Speaker
Description
The finite-temperature equation of state (EOS) is analyzed within an effective Lagrangian framework, where the dilaton field encodes the breaking of scale symmetry in QCD. In the pure gauge $SU(3)_c$ sector, the gluon condensate dynamics are described through a dilaton Lagrangian: at low temperature the condensate is dominated by the dilaton, while above the critical temperature it evaporates into quasi-free gluons. Glueball excitations are included assuming a linear Regge trajectory, and the role of a string tension term on the spectrum is explored. To address thermal effects, we study the role of dilaton fluctuations, which has proven successful in reproducing lattice QCD results for thermodynamic observables such as pressure and energy density.
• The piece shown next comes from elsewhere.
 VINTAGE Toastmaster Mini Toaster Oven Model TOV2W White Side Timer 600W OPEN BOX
Furthermore, a first-order phase transition is found, as expected from the results of lattice QCD. The analysis is extended using an effective Lagrangian that incorporates both broken-scale symmetry and explicit chiral symmetry breaking, including mesons ($\sigma$, $\pi$, $\omega$, $\rho$) and nucleons at finite temperature and chemical potential, along with their thermal fluctuations. This approach enables the construction of an EOS over a wide range of temperature and chemical potential, providing a framework to study the nature of the QCD phase transition across different degrees of freedom.
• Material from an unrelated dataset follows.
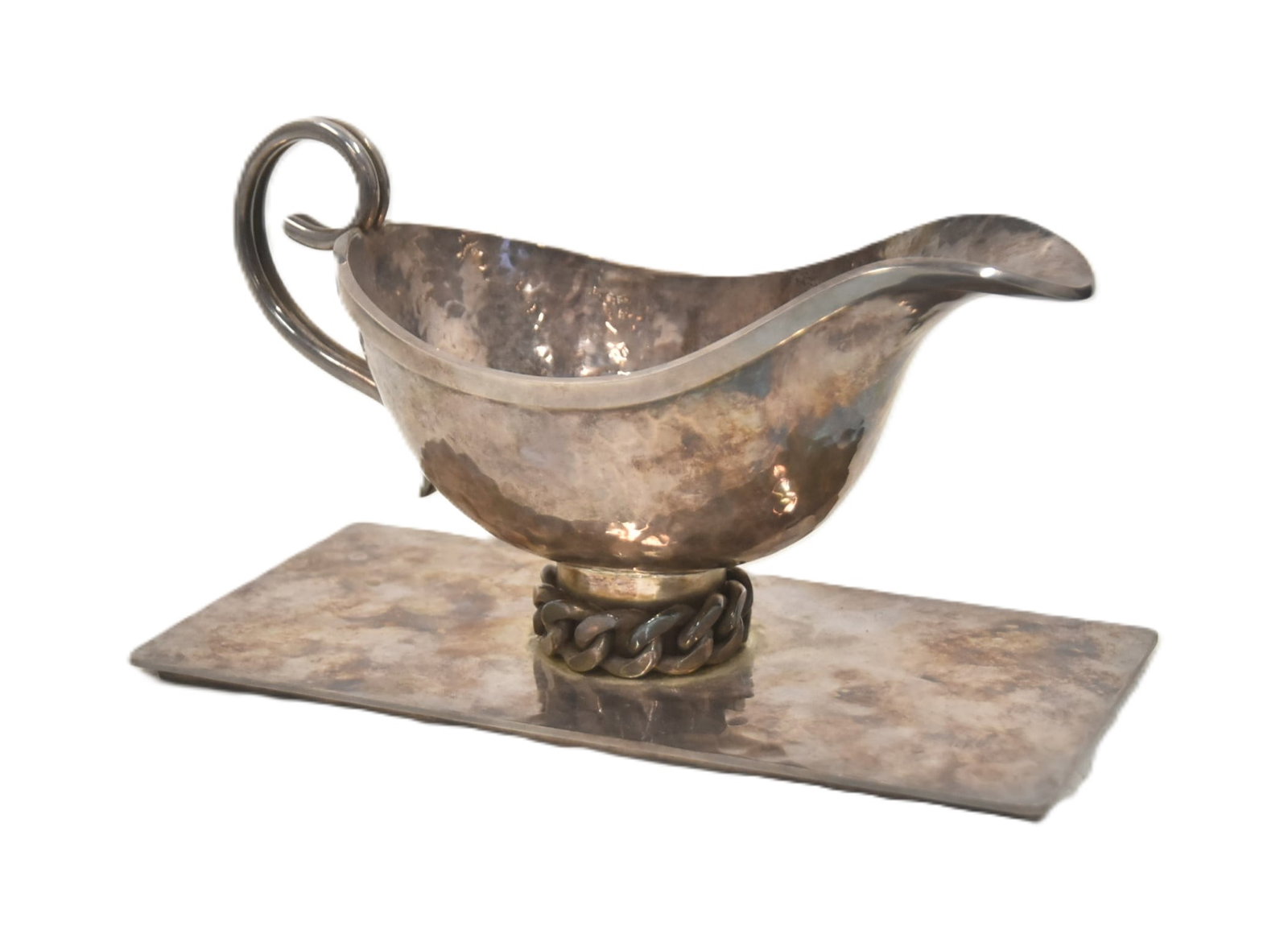 JEAN DESPRES FRENCH SILVER PLATE SAUCE BOAT: JEAN DESPRES (FRENCH, 1889-1980) FRENCH HAMMERED SILVER PLATED METAL GRAVY BOAT , SIGNED J DESPRES , 1966 - 8" x 4" x 5"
In parallel, relativistic mean-field (RMF) models based on the exchange of $\sigma$, $\omega$, and $\rho$ mesons with non-linear nucleon-$\sigma$ couplings and density-dependent $\rho$ coupling are employed. A large set of models is generated via Bayesian methods and constrained by both nuclear physics and astrophysical observations, including GW170817 and NICER data, providing a tool to explore neutron star properties within present empirical limits.